Однако следователям Барковский свой отказ от адвоката объяснял по-другому: дескать, пока не хочет никакой утечки информации о своих признаниях. Чтобы до бывших сослуживцев на свободе не дошло.
В конце лета, когда основные признания уже даны, Сорока с Капунцовым арестованы, Мирзаянца вернули из-за границы в Москву и взяли с него подписку о невыезде, Барковский вновь прибегает к услугам адвоката.
До осени Барковский подтверждает свои признания, участвует в следственных экспериментах. Показывает, что за “дипломат”-ловушку он видел на столе у Морозова.
Осенью Барковского начинает активно защищать адвокат Мове.
Осенью Барковский внезапно уходит в “глухой отказ”, мотивируя свою новую позицию “давлением следователей”. Примерно в тот же период Поповских, выйдя из госпиталя, начал усиленно менять показания...
Совпадение?
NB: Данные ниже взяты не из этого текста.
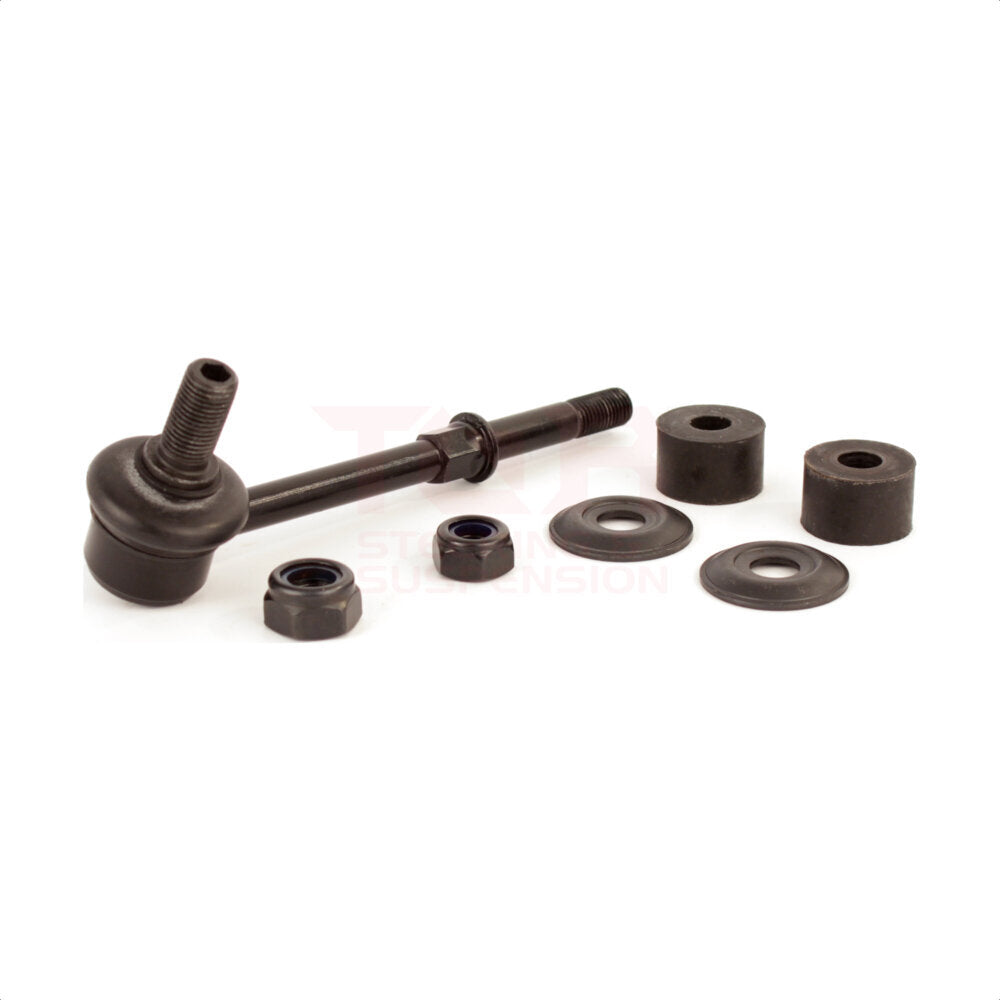Front Suspension Stabilizer Bar Link Kit TOR-K90385 For Kia Sorento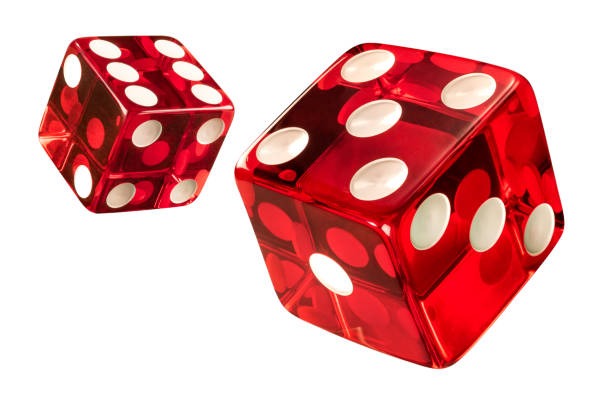 Our jokerbet303 roulette and wheel game studio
Вряд ли.
Лишь в декабре Мове отдает “самооговоры” Барковского в независимое экспертное бюро — чтобы установить их точные даты. Эксперты душой не покривили — общеизвестно, что дату составления документа можно определить лишь с точностью “плюс-минус месяцы”.
“Давность писем — от трех до восьми месяцев”, — сказали эксперты. Выходит, написать их Барковский мог и в октябре — то есть уже после всех своих признательных показаний и заявлений.
И лишь в феврале-марте следующего года Мове передает “самооговоры” в прессу.
Интересно, если на Барковского давили следователи и он их якобы испугался — почему осенью он отказался от показаний? Что мешало следователям давить дальше?
Между тем следователи скрупулезно подшивали все “отказные” протоколы допросов Барковского в дело...
Это может значить одно — никаких “следственных” угроз Барковскому не было...
Интересно, почему адвокат Мове пустила в ход “самооговоры” только через несколько месяцев после отказа Барковского от показаний?
Ну есть у тебя такие бумаги — неси заявления в Генпрокуратуру! Подопечного обижают! Адвокат Мове идет не в прокуратуру. В газету... И то не сразу.
Это может значить одно: “самооговоры” — действительно филькина грамота...
Обвиняемый Капунцов на следователей вообще не жаловался. Своих признаний он придерживался до начала суда.
Ему даже приписали смягчающие обстоятельства — помощь следствию и раскаяние...
При Сталине признание называли “царица доказательств”. Потом царскую корону с признания сняли. И правильно сделали.
Но признания обвиняемых, как вы могли понять из всех предыдущих страниц, — это ЛИШЬ ЧАСТЬ доказательств, собранных в деле. Часть, которая подтверждается, выражаясь юридическим языком, совокупностью материалов дела об убийстве Дмитрия Холодова.
“Совокупность” — это другие свидетельства, аудио- и видеозаписи, следственные эксперименты, вещдоки (от остатков “дипломата” до записной книжки Поповских), экспертизы...
Кстати, в 99-м году по делу провели новую, уникальную, экспертизу — к этому времени нужная аппаратура в России уже появилась.
Специалисты исследовали мельчайшие частицы — изотопы веществ, которые входили в состав тротила, обнаруженного на вещдоках с места взрыва. И установили: тротил относится к партии шашек, которые использовали в 45-м полку ВДВ и были изъяты с его склада.
Собственно, о предварительном расследовании дела Холодова у меня все.